Records supplied:
-- -- --

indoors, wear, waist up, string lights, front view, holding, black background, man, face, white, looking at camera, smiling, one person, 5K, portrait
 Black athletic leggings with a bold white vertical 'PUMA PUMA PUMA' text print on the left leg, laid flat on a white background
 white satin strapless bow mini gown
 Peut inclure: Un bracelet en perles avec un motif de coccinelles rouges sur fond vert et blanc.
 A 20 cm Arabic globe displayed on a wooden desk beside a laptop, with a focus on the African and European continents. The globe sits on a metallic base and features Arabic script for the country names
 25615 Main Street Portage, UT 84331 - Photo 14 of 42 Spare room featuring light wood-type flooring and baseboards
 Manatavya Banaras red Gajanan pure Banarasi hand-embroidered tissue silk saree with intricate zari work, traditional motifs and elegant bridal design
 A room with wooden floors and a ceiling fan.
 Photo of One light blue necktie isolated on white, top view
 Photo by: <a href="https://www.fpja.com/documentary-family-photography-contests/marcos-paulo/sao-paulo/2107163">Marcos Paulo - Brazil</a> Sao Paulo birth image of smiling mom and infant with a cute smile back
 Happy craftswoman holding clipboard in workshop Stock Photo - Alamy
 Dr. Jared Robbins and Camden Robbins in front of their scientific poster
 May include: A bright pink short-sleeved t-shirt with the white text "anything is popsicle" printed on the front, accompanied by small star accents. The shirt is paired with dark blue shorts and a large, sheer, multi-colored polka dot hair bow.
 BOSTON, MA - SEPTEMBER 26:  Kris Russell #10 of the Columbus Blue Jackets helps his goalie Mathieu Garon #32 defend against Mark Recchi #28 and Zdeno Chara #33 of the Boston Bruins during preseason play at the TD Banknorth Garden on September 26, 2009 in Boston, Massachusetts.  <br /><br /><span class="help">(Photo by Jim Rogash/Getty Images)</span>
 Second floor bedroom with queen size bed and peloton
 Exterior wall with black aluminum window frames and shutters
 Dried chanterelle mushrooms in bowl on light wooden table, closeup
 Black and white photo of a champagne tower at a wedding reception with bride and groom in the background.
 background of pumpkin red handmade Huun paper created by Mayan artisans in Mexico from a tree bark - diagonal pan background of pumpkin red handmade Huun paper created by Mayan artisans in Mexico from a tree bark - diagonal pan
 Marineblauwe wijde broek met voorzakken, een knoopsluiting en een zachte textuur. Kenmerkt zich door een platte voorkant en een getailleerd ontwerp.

-- -- --

About this exercise:
Above are some lines. Repeat exactly, and only, those from the line that has "white satin strapless bow mini gown" through the line that has "Photo of One".

Written reply:
 white satin strapless bow mini gown
 Peut inclure: Un bracelet en perles avec un motif de coccinelles rouges sur fond vert et blanc.
 A 20 cm Arabic globe displayed on a wooden desk beside a laptop, with a focus on the African and European continents. The globe sits on a metallic base and features Arabic script for the country names
 25615 Main Street Portage, UT 84331 - Photo 14 of 42 Spare room featuring light wood-type flooring and baseboards
 Manatavya Banaras red Gajanan pure Banarasi hand-embroidered tissue silk saree with intricate zari work, traditional motifs and elegant bridal design
 A room with wooden floors and a ceiling fan.
 Photo of One light blue necktie isolated on white, top view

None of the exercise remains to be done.